_To do_
Write out once more the lines running from the top of the entries below to the line with "Modern Luxury Waterfront", both ends included.

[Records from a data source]
=== Section Start ===
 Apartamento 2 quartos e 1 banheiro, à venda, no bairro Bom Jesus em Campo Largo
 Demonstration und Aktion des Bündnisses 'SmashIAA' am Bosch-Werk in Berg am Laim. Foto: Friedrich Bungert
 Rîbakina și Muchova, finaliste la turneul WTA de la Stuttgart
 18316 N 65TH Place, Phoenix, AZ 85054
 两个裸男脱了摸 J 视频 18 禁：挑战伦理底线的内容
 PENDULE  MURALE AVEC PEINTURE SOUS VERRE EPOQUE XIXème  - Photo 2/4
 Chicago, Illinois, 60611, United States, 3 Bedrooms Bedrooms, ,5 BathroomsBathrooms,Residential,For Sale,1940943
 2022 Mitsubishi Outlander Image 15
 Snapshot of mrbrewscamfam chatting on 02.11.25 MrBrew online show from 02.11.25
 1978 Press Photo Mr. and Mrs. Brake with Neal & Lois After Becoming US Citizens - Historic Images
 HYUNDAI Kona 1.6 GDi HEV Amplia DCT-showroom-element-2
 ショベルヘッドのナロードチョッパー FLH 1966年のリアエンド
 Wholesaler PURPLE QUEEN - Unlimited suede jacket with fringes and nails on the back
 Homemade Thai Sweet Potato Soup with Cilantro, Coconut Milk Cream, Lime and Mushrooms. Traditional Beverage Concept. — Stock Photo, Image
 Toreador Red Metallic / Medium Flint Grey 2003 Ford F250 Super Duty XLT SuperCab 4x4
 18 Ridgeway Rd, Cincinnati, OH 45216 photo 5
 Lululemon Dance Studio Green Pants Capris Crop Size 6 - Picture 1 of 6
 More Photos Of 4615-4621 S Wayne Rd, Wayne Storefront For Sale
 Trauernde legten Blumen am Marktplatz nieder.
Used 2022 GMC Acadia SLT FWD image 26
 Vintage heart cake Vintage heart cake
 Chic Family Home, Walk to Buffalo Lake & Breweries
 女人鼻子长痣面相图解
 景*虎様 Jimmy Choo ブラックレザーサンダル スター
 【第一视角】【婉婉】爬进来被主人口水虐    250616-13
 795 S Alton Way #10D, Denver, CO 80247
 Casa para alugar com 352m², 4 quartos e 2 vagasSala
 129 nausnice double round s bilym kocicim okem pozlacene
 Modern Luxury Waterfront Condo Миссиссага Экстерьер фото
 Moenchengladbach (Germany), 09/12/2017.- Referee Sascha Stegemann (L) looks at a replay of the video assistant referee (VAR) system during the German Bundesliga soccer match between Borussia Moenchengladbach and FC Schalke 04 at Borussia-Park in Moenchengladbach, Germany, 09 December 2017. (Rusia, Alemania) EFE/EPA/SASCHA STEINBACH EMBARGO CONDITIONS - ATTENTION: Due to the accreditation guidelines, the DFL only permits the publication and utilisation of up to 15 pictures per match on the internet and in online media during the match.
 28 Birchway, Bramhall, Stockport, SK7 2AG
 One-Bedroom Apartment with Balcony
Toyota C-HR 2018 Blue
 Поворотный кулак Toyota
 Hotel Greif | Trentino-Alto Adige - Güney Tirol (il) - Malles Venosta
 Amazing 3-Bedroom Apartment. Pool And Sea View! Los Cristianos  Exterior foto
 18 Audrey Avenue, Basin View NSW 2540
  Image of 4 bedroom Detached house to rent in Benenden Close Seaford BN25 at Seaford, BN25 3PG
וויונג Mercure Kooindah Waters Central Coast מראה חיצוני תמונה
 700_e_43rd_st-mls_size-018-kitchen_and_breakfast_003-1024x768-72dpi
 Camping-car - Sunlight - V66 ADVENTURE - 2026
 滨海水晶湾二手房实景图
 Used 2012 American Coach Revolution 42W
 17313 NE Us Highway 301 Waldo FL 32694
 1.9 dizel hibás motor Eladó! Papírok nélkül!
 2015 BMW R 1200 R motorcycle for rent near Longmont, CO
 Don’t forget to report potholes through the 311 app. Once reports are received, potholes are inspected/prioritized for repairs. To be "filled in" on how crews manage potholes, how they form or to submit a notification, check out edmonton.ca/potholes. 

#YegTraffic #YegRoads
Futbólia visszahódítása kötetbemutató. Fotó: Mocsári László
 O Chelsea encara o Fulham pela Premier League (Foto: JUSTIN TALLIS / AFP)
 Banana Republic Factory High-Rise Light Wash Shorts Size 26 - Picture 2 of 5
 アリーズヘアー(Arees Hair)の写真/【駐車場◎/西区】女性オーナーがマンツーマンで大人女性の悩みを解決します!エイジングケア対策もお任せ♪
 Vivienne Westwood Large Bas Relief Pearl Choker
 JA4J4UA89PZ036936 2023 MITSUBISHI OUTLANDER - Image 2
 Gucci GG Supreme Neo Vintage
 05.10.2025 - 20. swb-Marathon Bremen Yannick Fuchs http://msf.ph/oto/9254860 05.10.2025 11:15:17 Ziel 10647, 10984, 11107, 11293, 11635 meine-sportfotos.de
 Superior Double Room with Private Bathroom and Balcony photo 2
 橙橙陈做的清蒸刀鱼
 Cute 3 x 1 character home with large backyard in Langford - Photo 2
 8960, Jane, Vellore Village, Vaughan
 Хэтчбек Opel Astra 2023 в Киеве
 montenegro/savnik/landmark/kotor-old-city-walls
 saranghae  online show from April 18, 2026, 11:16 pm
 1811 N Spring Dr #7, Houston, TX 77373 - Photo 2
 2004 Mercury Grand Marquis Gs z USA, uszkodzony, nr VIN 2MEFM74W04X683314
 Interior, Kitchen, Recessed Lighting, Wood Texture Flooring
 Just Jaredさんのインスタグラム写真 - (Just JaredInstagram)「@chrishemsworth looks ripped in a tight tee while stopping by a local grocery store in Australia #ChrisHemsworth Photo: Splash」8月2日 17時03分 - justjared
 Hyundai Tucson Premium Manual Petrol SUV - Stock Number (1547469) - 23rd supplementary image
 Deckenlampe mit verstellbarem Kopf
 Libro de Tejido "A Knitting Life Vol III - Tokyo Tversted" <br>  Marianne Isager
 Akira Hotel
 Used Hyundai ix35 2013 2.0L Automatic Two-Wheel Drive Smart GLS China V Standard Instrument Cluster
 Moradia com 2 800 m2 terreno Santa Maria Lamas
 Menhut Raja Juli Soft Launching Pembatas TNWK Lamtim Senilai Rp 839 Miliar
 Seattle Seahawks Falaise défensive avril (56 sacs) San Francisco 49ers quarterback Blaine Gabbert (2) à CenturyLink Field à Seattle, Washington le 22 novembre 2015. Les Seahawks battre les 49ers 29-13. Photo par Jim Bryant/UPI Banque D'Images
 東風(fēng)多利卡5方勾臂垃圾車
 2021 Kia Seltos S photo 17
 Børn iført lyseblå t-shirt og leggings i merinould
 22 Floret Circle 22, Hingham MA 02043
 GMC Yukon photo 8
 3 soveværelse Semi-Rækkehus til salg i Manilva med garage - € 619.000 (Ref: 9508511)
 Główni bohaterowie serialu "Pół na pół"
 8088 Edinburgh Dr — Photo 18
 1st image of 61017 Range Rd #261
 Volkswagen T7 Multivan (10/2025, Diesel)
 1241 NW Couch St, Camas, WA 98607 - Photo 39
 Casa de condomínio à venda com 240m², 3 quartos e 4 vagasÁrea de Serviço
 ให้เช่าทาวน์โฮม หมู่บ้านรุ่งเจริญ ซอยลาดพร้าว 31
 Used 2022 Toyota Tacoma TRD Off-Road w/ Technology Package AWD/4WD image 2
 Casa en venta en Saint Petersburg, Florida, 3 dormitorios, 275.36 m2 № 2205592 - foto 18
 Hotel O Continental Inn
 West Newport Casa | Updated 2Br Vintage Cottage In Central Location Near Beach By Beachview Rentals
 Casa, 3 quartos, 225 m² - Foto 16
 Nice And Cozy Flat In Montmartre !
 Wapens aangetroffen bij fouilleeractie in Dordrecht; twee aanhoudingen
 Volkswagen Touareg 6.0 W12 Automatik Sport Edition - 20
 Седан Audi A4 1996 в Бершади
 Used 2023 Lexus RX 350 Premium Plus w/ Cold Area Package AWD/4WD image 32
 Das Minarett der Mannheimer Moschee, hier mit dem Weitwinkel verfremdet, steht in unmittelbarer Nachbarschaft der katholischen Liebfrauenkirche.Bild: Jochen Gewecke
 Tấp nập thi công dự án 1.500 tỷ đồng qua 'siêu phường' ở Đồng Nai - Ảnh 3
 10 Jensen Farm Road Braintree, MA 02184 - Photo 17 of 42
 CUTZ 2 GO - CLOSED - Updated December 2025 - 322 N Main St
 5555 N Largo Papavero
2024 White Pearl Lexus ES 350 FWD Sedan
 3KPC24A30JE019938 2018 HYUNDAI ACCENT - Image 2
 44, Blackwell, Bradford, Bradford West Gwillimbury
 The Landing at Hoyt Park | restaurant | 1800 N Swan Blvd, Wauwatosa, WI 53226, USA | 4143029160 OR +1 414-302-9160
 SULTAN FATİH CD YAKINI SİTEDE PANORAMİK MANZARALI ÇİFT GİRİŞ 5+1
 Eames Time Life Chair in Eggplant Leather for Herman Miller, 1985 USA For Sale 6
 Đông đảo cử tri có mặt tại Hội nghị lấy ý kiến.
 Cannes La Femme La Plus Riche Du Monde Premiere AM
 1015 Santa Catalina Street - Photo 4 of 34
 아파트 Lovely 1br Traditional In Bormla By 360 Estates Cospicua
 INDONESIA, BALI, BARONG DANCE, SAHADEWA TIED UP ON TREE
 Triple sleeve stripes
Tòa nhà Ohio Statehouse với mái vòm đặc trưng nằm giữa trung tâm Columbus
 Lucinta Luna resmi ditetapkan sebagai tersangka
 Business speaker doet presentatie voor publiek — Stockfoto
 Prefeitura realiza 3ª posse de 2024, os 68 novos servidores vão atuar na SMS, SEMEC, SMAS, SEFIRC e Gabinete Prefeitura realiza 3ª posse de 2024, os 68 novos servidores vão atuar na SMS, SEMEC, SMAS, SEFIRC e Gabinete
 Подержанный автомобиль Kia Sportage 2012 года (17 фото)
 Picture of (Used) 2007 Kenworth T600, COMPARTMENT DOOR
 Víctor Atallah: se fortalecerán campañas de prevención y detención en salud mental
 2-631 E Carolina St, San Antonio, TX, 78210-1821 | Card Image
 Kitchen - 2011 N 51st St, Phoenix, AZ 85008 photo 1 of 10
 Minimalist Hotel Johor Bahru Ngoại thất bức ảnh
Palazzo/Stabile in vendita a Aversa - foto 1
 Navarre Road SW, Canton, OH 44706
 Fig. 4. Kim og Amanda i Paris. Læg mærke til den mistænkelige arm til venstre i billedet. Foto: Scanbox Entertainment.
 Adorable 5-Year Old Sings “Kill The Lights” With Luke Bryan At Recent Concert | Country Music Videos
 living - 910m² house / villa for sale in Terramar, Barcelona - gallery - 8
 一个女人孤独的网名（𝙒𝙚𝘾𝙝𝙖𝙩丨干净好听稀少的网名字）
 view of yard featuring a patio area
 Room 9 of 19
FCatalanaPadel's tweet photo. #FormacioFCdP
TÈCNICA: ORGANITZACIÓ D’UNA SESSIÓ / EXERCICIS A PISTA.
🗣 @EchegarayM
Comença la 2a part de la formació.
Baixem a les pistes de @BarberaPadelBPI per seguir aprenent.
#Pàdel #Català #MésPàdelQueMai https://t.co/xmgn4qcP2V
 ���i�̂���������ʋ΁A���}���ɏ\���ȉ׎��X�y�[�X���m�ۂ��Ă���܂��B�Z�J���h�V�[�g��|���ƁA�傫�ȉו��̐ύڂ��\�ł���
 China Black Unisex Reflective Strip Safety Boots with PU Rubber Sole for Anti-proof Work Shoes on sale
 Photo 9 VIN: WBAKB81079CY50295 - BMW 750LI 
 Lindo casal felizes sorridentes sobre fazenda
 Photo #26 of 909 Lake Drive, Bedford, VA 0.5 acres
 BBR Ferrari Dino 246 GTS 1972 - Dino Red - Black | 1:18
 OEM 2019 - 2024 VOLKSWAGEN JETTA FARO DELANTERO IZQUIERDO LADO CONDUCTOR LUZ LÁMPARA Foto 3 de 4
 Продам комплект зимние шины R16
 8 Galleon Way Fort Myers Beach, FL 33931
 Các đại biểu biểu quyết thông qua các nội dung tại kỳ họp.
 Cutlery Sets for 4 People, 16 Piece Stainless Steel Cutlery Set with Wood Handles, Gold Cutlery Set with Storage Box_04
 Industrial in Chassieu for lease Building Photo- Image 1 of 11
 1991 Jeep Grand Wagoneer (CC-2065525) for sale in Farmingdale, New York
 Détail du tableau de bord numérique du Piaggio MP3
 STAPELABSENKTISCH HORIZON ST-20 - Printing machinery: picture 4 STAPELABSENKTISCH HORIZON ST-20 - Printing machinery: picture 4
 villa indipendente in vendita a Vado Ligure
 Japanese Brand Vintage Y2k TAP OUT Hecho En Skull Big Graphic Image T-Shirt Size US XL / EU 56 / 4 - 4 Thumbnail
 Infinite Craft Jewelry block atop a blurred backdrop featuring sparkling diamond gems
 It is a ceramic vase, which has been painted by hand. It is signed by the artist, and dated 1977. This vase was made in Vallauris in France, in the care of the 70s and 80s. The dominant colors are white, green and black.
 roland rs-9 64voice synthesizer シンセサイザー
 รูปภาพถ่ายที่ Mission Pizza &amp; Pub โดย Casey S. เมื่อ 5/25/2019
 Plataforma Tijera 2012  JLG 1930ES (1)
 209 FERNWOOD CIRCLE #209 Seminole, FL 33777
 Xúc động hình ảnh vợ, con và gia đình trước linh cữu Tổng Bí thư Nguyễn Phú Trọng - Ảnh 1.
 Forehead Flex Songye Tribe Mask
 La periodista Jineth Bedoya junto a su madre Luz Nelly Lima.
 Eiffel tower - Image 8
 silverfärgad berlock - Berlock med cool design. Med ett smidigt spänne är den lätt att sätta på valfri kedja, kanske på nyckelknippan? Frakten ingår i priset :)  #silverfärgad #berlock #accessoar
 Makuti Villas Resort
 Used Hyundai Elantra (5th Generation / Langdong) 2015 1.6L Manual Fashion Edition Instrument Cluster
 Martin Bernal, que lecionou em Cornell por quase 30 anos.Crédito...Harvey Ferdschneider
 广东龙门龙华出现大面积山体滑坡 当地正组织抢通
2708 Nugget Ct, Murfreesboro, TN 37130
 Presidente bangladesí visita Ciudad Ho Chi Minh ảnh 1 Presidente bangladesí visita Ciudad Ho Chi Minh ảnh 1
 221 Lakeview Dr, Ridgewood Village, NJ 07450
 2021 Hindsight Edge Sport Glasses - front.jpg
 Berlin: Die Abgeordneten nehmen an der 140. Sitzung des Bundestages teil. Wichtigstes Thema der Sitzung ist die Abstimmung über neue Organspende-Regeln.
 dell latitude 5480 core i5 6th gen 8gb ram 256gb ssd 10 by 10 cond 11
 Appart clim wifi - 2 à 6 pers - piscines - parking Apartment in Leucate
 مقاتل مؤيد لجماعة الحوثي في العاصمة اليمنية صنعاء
=== Section End ===
_Task result_
 Apartamento 2 quartos e 1 banheiro, à venda, no bairro Bom Jesus em Campo Largo
 Demonstration und Aktion des Bündnisses 'SmashIAA' am Bosch-Werk in Berg am Laim. Foto: Friedrich Bungert
 Rîbakina și Muchova, finaliste la turneul WTA de la Stuttgart
 18316 N 65TH Place, Phoenix, AZ 85054
 两个裸男脱了摸 J 视频 18 禁：挑战伦理底线的内容
 PENDULE  MURALE AVEC PEINTURE SOUS VERRE EPOQUE XIXème  - Photo 2/4
 Chicago, Illinois, 60611, United States, 3 Bedrooms Bedrooms, ,5 BathroomsBathrooms,Residential,For Sale,1940943
 2022 Mitsubishi Outlander Image 15
 Snapshot of mrbrewscamfam chatting on 02.11.25 MrBrew online show from 02.11.25
 1978 Press Photo Mr. and Mrs. Brake with Neal & Lois After Becoming US Citizens - Historic Images
 HYUNDAI Kona 1.6 GDi HEV Amplia DCT-showroom-element-2
 ショベルヘッドのナロードチョッパー FLH 1966年のリアエンド
 Wholesaler PURPLE QUEEN - Unlimited suede jacket with fringes and nails on the back
 Homemade Thai Sweet Potato Soup with Cilantro, Coconut Milk Cream, Lime and Mushrooms. Traditional Beverage Concept. — Stock Photo, Image
 Toreador Red Metallic / Medium Flint Grey 2003 Ford F250 Super Duty XLT SuperCab 4x4
 18 Ridgeway Rd, Cincinnati, OH 45216 photo 5
 Lululemon Dance Studio Green Pants Capris Crop Size 6 - Picture 1 of 6
 More Photos Of 4615-4621 S Wayne Rd, Wayne Storefront For Sale
 Trauernde legten Blumen am Marktplatz nieder.
Used 2022 GMC Acadia SLT FWD image 26
 Vintage heart cake Vintage heart cake
 Chic Family Home, Walk to Buffalo Lake & Breweries
 女人鼻子长痣面相图解
 景*虎様 Jimmy Choo ブラックレザーサンダル スター
 【第一视角】【婉婉】爬进来被主人口水虐    250616-13
 795 S Alton Way #10D, Denver, CO 80247
 Casa para alugar com 352m², 4 quartos e 2 vagasSala
 129 nausnice double round s bilym kocicim okem pozlacene
 Modern Luxury Waterfront Condo Миссиссага Экстерьер фото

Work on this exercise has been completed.